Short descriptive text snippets
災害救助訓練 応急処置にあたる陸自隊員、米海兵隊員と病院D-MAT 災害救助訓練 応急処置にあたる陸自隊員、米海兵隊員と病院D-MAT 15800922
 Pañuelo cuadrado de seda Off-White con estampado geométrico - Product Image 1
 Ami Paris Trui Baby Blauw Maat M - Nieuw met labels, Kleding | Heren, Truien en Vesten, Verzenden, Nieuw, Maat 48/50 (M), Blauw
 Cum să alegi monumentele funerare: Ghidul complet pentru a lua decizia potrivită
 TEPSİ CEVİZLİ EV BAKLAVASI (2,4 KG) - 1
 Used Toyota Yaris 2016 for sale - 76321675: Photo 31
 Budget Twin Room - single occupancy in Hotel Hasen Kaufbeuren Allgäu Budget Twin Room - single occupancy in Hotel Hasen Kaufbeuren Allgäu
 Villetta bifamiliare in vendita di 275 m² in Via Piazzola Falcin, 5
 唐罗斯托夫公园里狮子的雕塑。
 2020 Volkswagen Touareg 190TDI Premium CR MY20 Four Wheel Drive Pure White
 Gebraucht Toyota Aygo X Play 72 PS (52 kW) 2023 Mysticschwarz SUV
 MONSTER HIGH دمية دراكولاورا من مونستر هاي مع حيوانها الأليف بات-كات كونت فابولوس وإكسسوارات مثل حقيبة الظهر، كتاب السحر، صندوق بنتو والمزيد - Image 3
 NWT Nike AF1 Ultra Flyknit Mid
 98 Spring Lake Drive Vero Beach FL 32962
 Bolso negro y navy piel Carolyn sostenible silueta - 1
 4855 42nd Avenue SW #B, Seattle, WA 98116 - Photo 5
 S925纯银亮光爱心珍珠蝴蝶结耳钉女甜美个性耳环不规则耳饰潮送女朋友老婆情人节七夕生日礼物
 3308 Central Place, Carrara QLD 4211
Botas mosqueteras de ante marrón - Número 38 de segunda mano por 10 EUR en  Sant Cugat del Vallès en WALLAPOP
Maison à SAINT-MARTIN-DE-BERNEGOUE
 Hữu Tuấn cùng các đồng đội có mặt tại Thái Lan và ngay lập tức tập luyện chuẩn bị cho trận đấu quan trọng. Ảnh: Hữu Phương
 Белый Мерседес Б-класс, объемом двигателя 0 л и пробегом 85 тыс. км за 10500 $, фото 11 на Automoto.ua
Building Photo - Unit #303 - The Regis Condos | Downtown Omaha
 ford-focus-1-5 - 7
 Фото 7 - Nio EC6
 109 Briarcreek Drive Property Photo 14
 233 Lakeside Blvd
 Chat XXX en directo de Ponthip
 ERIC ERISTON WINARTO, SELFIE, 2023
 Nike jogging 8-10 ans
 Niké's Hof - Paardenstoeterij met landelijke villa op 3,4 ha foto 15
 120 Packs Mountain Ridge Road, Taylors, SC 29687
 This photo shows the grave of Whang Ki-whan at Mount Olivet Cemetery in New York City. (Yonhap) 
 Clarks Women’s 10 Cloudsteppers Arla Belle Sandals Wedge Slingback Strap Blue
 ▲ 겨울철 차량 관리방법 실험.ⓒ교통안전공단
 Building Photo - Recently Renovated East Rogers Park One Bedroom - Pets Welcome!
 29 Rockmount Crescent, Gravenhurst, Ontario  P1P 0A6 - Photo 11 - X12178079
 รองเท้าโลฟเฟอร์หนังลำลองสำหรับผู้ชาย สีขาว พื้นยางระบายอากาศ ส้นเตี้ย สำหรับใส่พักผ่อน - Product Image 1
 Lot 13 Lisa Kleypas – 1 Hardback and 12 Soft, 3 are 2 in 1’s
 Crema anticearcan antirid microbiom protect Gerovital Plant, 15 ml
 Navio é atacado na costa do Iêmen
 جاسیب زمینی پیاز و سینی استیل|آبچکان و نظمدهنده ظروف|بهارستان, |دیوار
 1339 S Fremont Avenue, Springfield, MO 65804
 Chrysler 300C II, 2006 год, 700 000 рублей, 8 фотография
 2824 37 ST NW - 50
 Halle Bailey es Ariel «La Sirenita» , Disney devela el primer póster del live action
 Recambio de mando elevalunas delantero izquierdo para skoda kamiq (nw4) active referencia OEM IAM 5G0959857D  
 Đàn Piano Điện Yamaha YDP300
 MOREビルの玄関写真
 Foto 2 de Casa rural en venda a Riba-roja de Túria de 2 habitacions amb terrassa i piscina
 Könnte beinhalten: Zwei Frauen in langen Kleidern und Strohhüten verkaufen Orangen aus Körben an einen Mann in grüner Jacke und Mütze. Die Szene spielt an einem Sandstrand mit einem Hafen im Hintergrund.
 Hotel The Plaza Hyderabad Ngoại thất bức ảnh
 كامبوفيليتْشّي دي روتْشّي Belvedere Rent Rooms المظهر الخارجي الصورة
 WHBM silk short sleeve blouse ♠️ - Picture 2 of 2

- Exercise brief: Every line from the line containing "Maison à SAINT-MARTIN-DE-BERNEGOUE" through the line containing "Foto 2 de Casa" in the records above must be retyped exactly. Leave out the rest.

- Solution for this problem:
Maison à SAINT-MARTIN-DE-BERNEGOUE
 Hữu Tuấn cùng các đồng đội có mặt tại Thái Lan và ngay lập tức tập luyện chuẩn bị cho trận đấu quan trọng. Ảnh: Hữu Phương
 Белый Мерседес Б-класс, объемом двигателя 0 л и пробегом 85 тыс. км за 10500 $, фото 11 на Automoto.ua
Building Photo - Unit #303 - The Regis Condos | Downtown Omaha
 ford-focus-1-5 - 7
 Фото 7 - Nio EC6
 109 Briarcreek Drive Property Photo 14
 233 Lakeside Blvd
 Chat XXX en directo de Ponthip
 ERIC ERISTON WINARTO, SELFIE, 2023
 Nike jogging 8-10 ans
 Niké's Hof - Paardenstoeterij met landelijke villa op 3,4 ha foto 15
 120 Packs Mountain Ridge Road, Taylors, SC 29687
 This photo shows the grave of Whang Ki-whan at Mount Olivet Cemetery in New York City. (Yonhap) 
 Clarks Women’s 10 Cloudsteppers Arla Belle Sandals Wedge Slingback Strap Blue
 ▲ 겨울철 차량 관리방법 실험.ⓒ교통안전공단
 Building Photo - Recently Renovated East Rogers Park One Bedroom - Pets Welcome!
 29 Rockmount Crescent, Gravenhurst, Ontario  P1P 0A6 - Photo 11 - X12178079
 รองเท้าโลฟเฟอร์หนังลำลองสำหรับผู้ชาย สีขาว พื้นยางระบายอากาศ ส้นเตี้ย สำหรับใส่พักผ่อน - Product Image 1
 Lot 13 Lisa Kleypas – 1 Hardback and 12 Soft, 3 are 2 in 1’s
 Crema anticearcan antirid microbiom protect Gerovital Plant, 15 ml
 Navio é atacado na costa do Iêmen
 جاسیب زمینی پیاز و سینی استیل|آبچکان و نظمدهنده ظروف|بهارستان, |دیوار
 1339 S Fremont Avenue, Springfield, MO 65804
 Chrysler 300C II, 2006 год, 700 000 рублей, 8 фотография
 2824 37 ST NW - 50
 Halle Bailey es Ariel «La Sirenita» , Disney devela el primer póster del live action
 Recambio de mando elevalunas delantero izquierdo para skoda kamiq (nw4) active referencia OEM IAM 5G0959857D  
 Đàn Piano Điện Yamaha YDP300
 MOREビルの玄関写真
 Foto 2 de Casa rural en venda a Riba-roja de Túria de 2 habitacions amb terrassa i piscina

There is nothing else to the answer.